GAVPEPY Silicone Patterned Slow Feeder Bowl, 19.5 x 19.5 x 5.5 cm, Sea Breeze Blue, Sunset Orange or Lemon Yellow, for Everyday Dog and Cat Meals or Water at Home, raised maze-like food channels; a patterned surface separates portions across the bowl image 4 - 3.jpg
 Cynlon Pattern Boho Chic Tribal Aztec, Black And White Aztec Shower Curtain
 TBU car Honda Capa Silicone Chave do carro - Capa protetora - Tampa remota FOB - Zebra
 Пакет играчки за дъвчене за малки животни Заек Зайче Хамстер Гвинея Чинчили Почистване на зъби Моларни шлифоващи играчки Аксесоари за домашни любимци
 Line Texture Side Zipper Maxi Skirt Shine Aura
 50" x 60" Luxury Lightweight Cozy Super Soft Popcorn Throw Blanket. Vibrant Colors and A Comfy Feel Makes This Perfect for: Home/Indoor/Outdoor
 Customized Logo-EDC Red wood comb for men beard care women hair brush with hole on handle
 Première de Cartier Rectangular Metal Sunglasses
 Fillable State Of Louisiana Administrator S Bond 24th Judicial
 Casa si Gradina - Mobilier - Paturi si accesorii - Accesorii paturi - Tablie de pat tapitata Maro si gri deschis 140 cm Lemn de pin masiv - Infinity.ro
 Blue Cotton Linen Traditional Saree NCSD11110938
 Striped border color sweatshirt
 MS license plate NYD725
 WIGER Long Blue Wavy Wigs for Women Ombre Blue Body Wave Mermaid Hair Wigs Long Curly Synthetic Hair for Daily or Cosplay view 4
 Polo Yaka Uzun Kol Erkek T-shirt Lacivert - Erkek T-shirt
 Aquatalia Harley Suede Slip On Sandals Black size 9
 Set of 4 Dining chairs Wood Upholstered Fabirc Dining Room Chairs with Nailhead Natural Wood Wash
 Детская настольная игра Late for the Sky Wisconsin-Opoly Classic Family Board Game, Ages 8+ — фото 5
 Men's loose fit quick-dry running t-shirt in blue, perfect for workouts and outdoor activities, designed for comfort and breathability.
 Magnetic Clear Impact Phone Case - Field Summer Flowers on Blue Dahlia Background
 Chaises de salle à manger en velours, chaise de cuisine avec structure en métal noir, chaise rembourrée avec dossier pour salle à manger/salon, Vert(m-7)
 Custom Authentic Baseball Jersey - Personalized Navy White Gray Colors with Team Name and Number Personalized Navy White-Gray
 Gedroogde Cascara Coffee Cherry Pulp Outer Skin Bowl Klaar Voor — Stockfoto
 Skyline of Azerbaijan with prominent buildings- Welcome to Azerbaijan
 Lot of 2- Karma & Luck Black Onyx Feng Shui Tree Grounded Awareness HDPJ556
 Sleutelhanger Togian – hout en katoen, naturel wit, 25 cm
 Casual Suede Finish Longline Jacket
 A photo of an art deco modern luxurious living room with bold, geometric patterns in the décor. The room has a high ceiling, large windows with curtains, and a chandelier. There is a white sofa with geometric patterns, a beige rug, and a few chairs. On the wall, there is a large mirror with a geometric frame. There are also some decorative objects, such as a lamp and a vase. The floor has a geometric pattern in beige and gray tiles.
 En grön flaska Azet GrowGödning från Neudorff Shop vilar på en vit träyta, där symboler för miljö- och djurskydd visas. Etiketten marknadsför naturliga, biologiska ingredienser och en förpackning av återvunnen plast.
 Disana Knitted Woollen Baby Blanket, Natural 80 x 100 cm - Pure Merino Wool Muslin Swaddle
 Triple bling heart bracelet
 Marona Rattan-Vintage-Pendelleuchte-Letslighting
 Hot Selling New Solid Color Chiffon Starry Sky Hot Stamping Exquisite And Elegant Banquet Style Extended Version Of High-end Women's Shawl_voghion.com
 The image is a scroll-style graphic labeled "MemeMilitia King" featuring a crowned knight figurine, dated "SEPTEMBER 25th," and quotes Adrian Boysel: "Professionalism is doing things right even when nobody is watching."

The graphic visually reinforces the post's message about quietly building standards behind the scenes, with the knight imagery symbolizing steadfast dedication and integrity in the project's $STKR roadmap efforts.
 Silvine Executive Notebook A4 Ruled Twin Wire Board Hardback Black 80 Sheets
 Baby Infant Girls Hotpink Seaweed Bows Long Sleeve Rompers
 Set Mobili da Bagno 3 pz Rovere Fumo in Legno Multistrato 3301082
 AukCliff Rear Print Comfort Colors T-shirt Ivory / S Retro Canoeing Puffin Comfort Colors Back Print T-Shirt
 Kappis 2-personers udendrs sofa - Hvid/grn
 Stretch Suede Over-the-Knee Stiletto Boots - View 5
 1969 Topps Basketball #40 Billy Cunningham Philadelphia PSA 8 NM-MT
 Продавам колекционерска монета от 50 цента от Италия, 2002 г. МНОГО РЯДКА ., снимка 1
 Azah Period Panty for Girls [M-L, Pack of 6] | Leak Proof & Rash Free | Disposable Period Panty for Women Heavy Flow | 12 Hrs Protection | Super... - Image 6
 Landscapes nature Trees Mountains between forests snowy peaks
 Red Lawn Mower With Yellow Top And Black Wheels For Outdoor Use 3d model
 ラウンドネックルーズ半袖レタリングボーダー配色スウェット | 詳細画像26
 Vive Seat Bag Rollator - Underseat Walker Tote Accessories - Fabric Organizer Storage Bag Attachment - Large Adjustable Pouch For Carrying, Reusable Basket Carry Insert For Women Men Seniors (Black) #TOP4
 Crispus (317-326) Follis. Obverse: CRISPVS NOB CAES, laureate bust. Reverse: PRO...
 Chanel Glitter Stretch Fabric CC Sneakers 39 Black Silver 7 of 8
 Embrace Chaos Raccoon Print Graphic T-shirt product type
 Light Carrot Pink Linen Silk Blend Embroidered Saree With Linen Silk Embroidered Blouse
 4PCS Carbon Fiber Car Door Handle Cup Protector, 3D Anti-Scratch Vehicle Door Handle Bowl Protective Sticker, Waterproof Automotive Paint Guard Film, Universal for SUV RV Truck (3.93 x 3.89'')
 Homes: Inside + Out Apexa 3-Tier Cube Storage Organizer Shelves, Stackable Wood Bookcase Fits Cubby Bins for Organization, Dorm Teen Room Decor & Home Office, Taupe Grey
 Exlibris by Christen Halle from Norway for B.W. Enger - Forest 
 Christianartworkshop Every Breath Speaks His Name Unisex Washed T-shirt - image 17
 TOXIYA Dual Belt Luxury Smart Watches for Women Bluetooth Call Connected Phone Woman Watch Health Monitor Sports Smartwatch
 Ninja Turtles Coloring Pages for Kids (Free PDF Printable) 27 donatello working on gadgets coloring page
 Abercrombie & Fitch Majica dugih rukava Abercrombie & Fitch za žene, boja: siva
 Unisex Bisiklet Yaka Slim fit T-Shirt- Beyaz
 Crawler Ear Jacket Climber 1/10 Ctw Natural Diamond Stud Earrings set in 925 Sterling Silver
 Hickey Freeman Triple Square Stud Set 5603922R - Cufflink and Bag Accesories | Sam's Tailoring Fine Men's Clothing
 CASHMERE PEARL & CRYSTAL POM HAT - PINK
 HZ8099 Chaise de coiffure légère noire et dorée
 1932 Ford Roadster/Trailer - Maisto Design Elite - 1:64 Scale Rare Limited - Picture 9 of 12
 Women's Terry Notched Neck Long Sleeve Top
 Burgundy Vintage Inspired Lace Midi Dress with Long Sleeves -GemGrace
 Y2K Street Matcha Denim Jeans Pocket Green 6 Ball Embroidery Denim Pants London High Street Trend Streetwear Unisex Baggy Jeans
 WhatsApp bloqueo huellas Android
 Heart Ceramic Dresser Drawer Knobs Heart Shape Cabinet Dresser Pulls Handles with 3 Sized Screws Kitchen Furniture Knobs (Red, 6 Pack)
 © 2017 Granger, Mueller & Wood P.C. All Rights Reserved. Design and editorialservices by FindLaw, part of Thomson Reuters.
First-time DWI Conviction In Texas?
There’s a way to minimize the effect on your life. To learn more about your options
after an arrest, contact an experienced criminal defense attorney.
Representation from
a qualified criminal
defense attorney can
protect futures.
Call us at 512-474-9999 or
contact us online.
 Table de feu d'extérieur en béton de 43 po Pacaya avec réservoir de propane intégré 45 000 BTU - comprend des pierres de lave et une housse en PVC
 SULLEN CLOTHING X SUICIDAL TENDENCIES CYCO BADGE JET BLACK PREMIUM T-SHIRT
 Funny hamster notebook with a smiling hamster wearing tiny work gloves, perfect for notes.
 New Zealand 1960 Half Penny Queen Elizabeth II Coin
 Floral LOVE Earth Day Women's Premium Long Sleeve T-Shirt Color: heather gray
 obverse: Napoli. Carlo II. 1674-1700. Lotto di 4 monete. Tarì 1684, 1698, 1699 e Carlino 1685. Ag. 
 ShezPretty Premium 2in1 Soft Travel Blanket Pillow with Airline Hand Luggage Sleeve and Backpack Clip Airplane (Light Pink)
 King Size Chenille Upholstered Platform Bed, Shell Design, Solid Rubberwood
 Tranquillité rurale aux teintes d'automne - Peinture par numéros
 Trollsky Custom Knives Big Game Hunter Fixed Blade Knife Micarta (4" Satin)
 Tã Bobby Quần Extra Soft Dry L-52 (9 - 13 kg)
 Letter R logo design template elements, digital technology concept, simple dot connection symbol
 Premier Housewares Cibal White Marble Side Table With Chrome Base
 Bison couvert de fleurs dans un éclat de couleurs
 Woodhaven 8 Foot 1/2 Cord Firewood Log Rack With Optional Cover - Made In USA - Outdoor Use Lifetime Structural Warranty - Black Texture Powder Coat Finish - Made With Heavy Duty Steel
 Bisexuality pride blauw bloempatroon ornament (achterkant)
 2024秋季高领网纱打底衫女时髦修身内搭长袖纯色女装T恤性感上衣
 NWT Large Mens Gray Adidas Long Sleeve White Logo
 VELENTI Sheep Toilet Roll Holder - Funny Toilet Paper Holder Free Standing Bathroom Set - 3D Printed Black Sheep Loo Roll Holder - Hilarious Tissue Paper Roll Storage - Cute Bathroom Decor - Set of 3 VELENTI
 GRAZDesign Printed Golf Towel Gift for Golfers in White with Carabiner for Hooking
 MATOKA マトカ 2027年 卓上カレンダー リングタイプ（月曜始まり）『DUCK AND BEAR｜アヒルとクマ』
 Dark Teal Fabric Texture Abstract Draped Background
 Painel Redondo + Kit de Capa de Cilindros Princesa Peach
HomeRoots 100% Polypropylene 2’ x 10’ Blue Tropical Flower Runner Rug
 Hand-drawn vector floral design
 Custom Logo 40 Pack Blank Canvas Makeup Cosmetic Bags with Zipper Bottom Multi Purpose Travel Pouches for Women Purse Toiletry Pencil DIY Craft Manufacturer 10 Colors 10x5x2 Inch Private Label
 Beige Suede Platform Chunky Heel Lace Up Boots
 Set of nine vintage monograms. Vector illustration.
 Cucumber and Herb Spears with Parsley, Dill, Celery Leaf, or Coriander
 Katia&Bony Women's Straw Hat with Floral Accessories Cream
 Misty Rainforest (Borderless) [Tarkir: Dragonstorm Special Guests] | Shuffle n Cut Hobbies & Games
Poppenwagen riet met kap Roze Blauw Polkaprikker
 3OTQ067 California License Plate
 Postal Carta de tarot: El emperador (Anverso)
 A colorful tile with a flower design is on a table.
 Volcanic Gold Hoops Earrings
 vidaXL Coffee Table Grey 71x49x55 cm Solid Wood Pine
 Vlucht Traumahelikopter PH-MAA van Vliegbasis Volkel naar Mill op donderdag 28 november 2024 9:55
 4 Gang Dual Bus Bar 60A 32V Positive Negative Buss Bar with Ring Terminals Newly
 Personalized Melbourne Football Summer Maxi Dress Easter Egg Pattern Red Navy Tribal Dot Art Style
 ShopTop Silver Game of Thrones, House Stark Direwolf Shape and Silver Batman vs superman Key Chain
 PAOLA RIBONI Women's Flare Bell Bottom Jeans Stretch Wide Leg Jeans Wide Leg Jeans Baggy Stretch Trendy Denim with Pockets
--------
**Work to complete**
Above are the records. Print exactly, and only, the lines from the line with "Christianartworkshop Every Breath" to the line with "Burgundy Vintage Inspired", both inclusive.

**Exercise solution**
 Christianartworkshop Every Breath Speaks His Name Unisex Washed T-shirt - image 17
 TOXIYA Dual Belt Luxury Smart Watches for Women Bluetooth Call Connected Phone Woman Watch Health Monitor Sports Smartwatch
 Ninja Turtles Coloring Pages for Kids (Free PDF Printable) 27 donatello working on gadgets coloring page
 Abercrombie & Fitch Majica dugih rukava Abercrombie & Fitch za žene, boja: siva
 Unisex Bisiklet Yaka Slim fit T-Shirt- Beyaz
 Crawler Ear Jacket Climber 1/10 Ctw Natural Diamond Stud Earrings set in 925 Sterling Silver
 Hickey Freeman Triple Square Stud Set 5603922R - Cufflink and Bag Accesories | Sam's Tailoring Fine Men's Clothing
 CASHMERE PEARL & CRYSTAL POM HAT - PINK
 HZ8099 Chaise de coiffure légère noire et dorée
 1932 Ford Roadster/Trailer - Maisto Design Elite - 1:64 Scale Rare Limited - Picture 9 of 12
 Women's Terry Notched Neck Long Sleeve Top
 Burgundy Vintage Inspired Lace Midi Dress with Long Sleeves -GemGrace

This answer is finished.